Le lobbyisme n’est pas le propre des avionneurs. En coulisses, Philippe Zahno, secrétaire général du GRPM (Groupe romand pour le matériel de défense et de sécurité), fait aussi pression pour l’achat de nouveaux avions, pour pouvoir ensuite négocier des contreparties industrielles – ou accords compensatoires – liées au contrat de l’avionneur sélectionné.

Le principe est le suivant : si la Suisse achète une flotte, le constructeur ou son pays devra en échange passer des commandes en Suisse pour le même montant, dont un tiers reviendrait à des entreprises sises de ce côté-ci de la Sarine.

"Pour les entreprises romandes, l’acquisition du nouvel avion de chasse et du nouveau système de défense aérien, tout cela va générer un chiffre d’affaires d’environ trois milliards de francs, c'est gigantesque", estime Philippe Zahno.

A l’occasion du Sion Airshow, il a organisé une rencontre entre les avionneurs et les entreprises de son association (150 ont pu parler avec les avionneurs).

Philippe Zahno assume totalement son travail de lobbyisme: "pourquoi l’économie suisse soutiendrait l’armée comme elle l’a toujours fait, s’il n'y avait plus d’affaires compensatoires ? c’est une question à se poser", résume-t-il.

Prochaine échéance, la définition de la mission de l’armée par le Conseil fédéral, puis évaluation des avions en lice, en tenant compte de leurs capacités, de leur prix et des contreparties industrielles proposées par les constructeurs. La Suisse attendra au bas mot une dizaine d’années avant de voir livrer ses futurs avions.

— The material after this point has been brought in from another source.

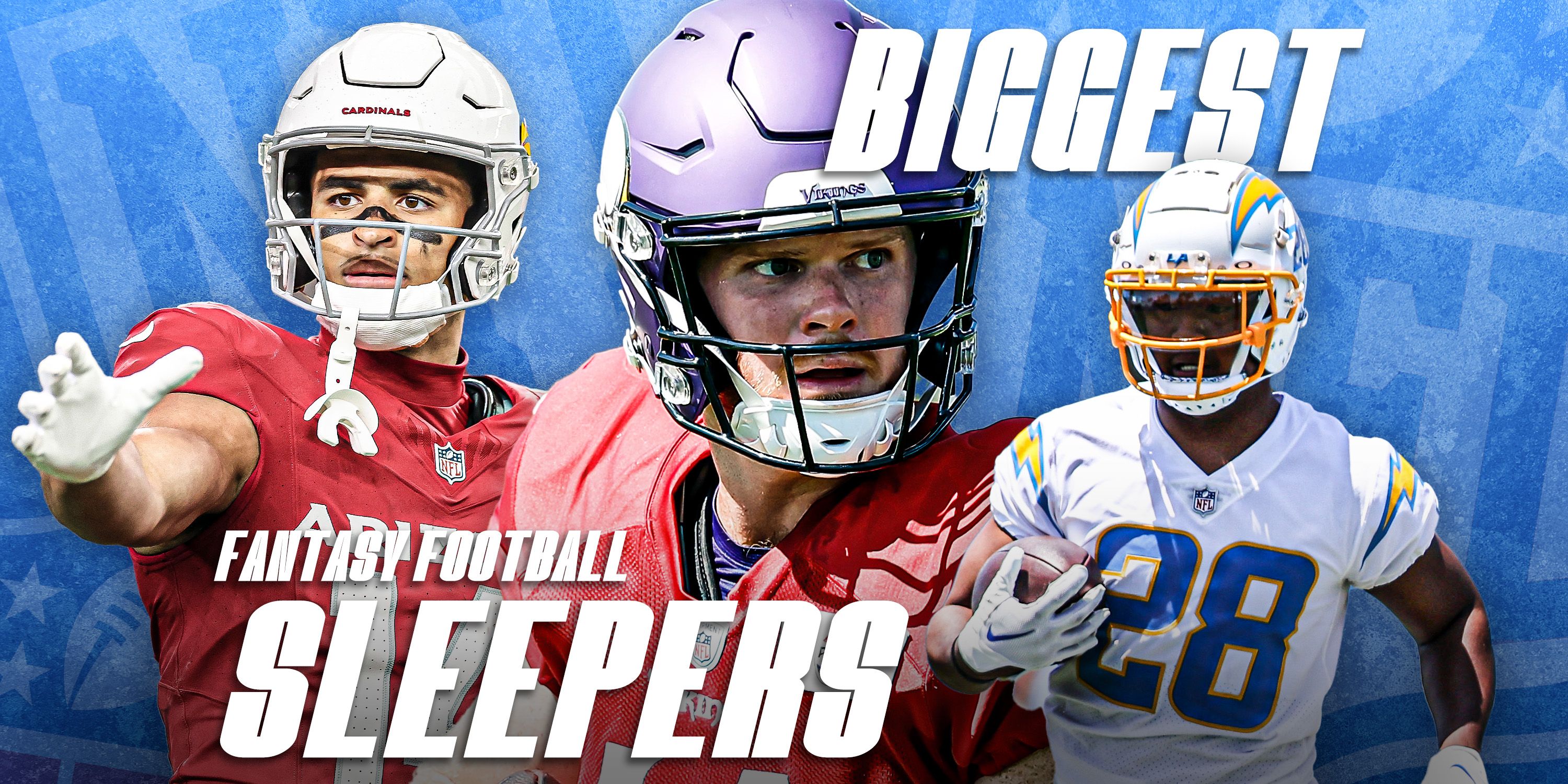 Deepest Sleeper at Every Skill Position In Fantasy Football In 2024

Il y a trois ans, c’est Saab, le constructeur suédois du Gripen, qui a échoué. Son avion avait pourtant été choisi par la Confédération, mais refusé par le peuple. Rustan Nicander, responsable des unités Suisse et sud de l’Europe chez Saab, indique qu'"il appartient au peuple suisse de déterminer comment ses impôts doivent être dépensés", mais estime "avoir de meilleures chances aujourd'hui de prouver à nouveau au peuple suisse que nous avons le bon produit".